Kısa çalışma ödeneğinden yararlanma koşulları küresel kriz döneminde kolaylaştırılmıştı. Bunun üzerine 2009 Haziran ayında yararlanan kişi sayısı 82 bin 439 kişiye kadar yükseldi. 2009'da bu ödenek istihdamı korumak amaçlı olarak da kullanılmış ve yıl sonunda toplam 190 bin kişi ödenekten yararlanmıştı. Kısa çalışma ödeneğinden 2005'ten bu yana 229 bin 930 kişi yararlandı ve bu kapsamda 213 milyon 861 bin TL ödendi.

İş yeri işçisini, işçi de işini kaybetmiyor

Kısa çalışma ödeneği, zorlayıcı şartlar, genel ekonomik kriz ve bölgesel kriz hallerinde işverenlerce kullanılabilen bir araç iken Kasım ayındaki değişiklikle zorlayıcı şartlar içine "dışsal etkilerden kaynaklanan dönemsel durumlar" da eklendi. Böylece, dışsal etkilerden kaynaklı olarak geçici bir süre olacağı kesin olan nakit zorlukları, ödeme güçlükleri, pazar daralması durumları ödeneğe başvurulabilecek haller arasına girdi.

Kısa çalışma; iş yerinde haftalık çalışma saatinin en az üçte bir oranında azalması veya sürekli olmasa da iş yerinde faaliyetin tamamen veya kısmen dört hafta süreyle durdurulması şeklinde tanımlanıyor. Böyle bir durum ortaya çıktığında işveren sorunlarını çözünceye kadar işçi ücret ve sağlık sigortası prim yükü olmadan ve işçilerini kaybetmeden sorunlarını çözme fırsatı yakalıyor. İşçiler de öncelikle işini kaybetmemiş, kıdem ve işsizlik sigortası gibi süreye bağlı haklarını korumuş ve genel ücretinden az olsa da ücret alabilme fırsatı buluyor.

Ödeme ne kadar?

Kısa çalışma ödeneği işçilere verilen bir ödenek. En fazla üç ay süreyle bu ödenek işçilere veriliyor. Cumhurbaşkanlığı kararnamesi ile sürenin 6 aya uzatılması mümkün. İşçiler açısından bir diğer avantaj da kısa çalışma süresince genel sağlık sigortası primlerinin İşsizlik Sigortası Fonu tarafından ödenmesi. Kısa çalışma ödeneği, işçinin son 12 aylık prime esas kazanç ortalamasının yüzde 60'ı kadar veriliyor ancak brüt asgari ücretin yüzde 150'sini geçemiyor. Dolayısıyla alınabilecek en yüksek ücret damga vergisi kesintisi sonrası 3 bin 808 TL düzeyine geliyor.

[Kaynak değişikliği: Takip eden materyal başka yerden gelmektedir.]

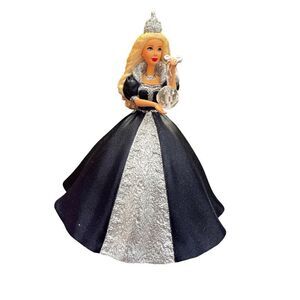 Barbie by Hallmark Ornament: 1999 Christmas Barbie Celebration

Bu ödenekten yararlanacak işçinin son 3 yıl içinde en az 600 gün prim ödemiş olma, ve kısa çalışmanın başlamasından önceki son 3 ay içinde kesintisiz çalışmış olma şartı bulunuyor. Kısa çalışma sürerken eğer işçi işini kaybederse veya hemen sonrasında işten çıkarılırsa aldığı tutarlar işsizlik maaşından kesiliyor. İşletme kısa çalışma bildirimini İŞKUR'a yapıyor ve iş müfettişi tarafından uygunluk kontrol ediliyor.